Je vis avant-hier l’abbé Linant pour qui je me sens bien de l’estime et de l’amitié. Ce qu’il vaut, c’est-à-dire ce que vous pensez de lui, me fait extrêmement regretter de n’avoir pu le servir comme je le désirais. Vous savez que mon dessein était de vivre avec lui, chez madame de Fontaine-Martel ; j’y étais même intéressé. Un homme de lettres, qui est né avec tant de talents, et qui me paraît si aimable, que vous aimez, et qui m’aurait entretenu de vous, aurait fait la douceur de ma vie. Madame de Fontaine n’a pas voulu entendre raison ; elle prétend que Thieriot l’a rendue sage. Elle lui donnait douze cents francs de pension, et, avec cela, elle n’en a point été contente. Elle croit que tout jeune homme en usera de même. Le fils du pauvre Crébillon, frère aîné de Rhadamiste, et encore plus pauvre que son père, lui a été présenté dans cet intervalle. Elle l’a assez goûté ; mais, sachant qu’il avait vingt-cinq ans, elle n’a pas voulu le loger. Je crois qu’elle ne m’a dans sa maison que parce que j’ai trente-six ans (3) et une trop mauvaise santé pour être amoureux ; elle ne veut point que les gens qu’elle aime aient des maîtresses. Le meilleur titre qu’on puisse avoir pour entrer chez elle est d’être impuissant ; elle a toujours peur qu’on ne l’égorge, pour donner son argent à une fille d’opéra (4) : jugez, d’après cela, si Linant, qui a dix-neuf ans (5), est homme à lui plaire.

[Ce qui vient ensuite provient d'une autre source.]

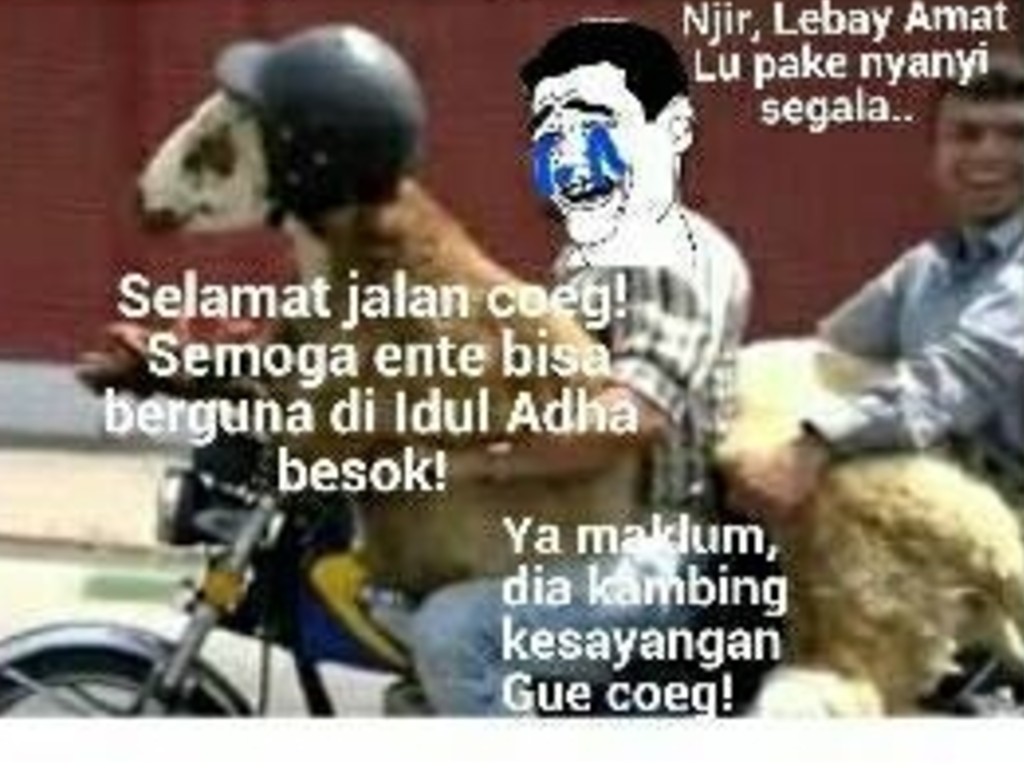 Meme Idul Adha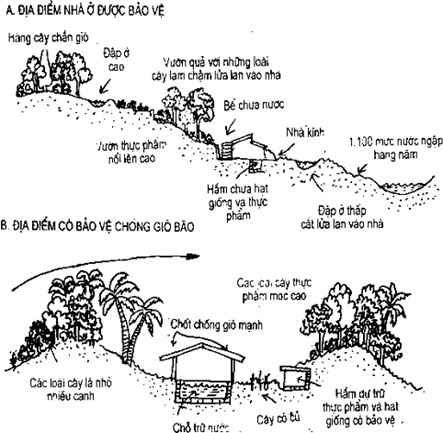 [Phần IV] Hướng Dẫn Sử Dụng Đất Làm Nông Nghiệp Bền Vững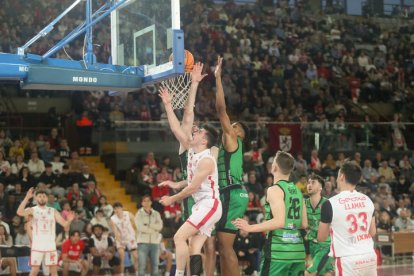 La Cultural jugará el partido de ida contra el Palma este domingo a las 19.30 en el Palacio de Deportes.
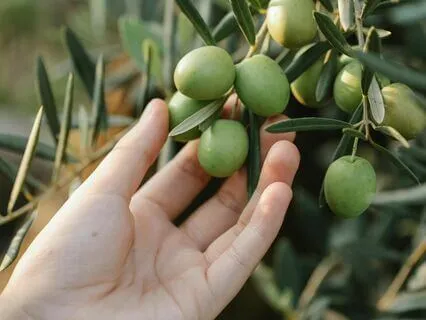 Infinite Abundance,  528 Hz Binaural Theta For Manifestation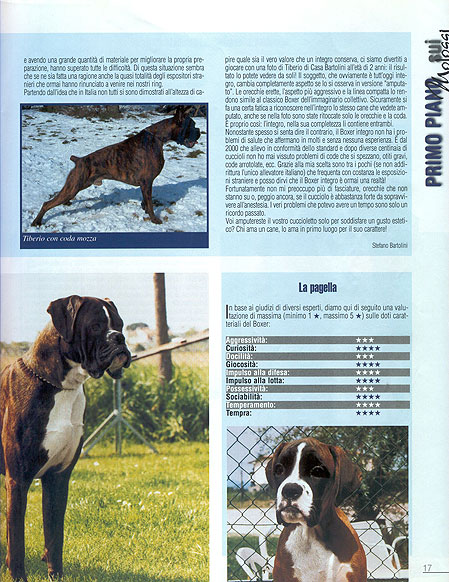 Molossi, Giugno-Luglio 2004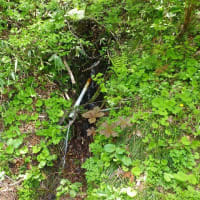 桧枝岐の山菜2025/6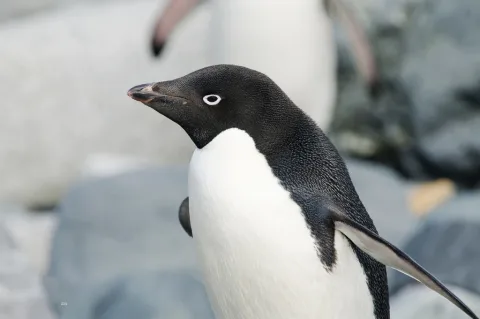 阿德利企鹅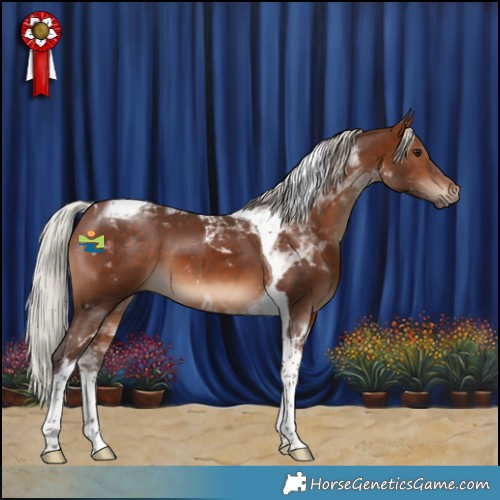 Horse Color:Silver Brown Tobiano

Je suis, en vérité, bien fâché de la haine que madame de Fontaine a pour la jeunesse. Votre abbé aurait été son fait et le mien. Mais, quelque chose qui arrive, il réussira sûrement ; il est né sage, il a de l’esprit, de la bonne volonté, de la jeunesse ; avec tout cela on se tire bientôt d’affaire à Paris. Les vers qu’il a faits pour vous sont bien au-dessus de ceux qu’il avait faits pour Dieu et pour le chaos ; on réussit selon les sujets. Je suis fort trompé, ou ce jeune homme a le véritable talent ; et c’est ce qui augmente encore le regret que j’ai de ne pouvoir vivre avec lui. Qu’il compte sur moi, si jamais je puis lui rendre service. Dans deux ou trois ans il écrira mieux que moi, et je l’en aimerai davantage. Mon Dieu, mon cher Cideville, que ce serait une vie délicieuse de se trouver logés ensemble trois ou quatre gens de lettres, avec talents et point de jalousie ! De s’aimer, de vivre doucement, de cultiver son art, d’en parler, de s’éclairer mutuellement ! Je me figure que je vivrai un jour dans ce petit paradis ; mais je veux que vous en soyez le dieu. En attendant, je vais versifier ma tragédie, et, si je peins l’amour comme vous me faites sentir l’amitié, l’ouvrage sera bon. Je vous embrasse mille fois. V.
1 – Zaïre. (G.A.)
2 – Voyez Tite-Live, liv. I., ch. XXVII. (G.A.)
3 – Ou plutôt trente-huit. (G.A.)
4 – Allusion à Thieriot, amant de mademoiselle Sallé. (G.A.)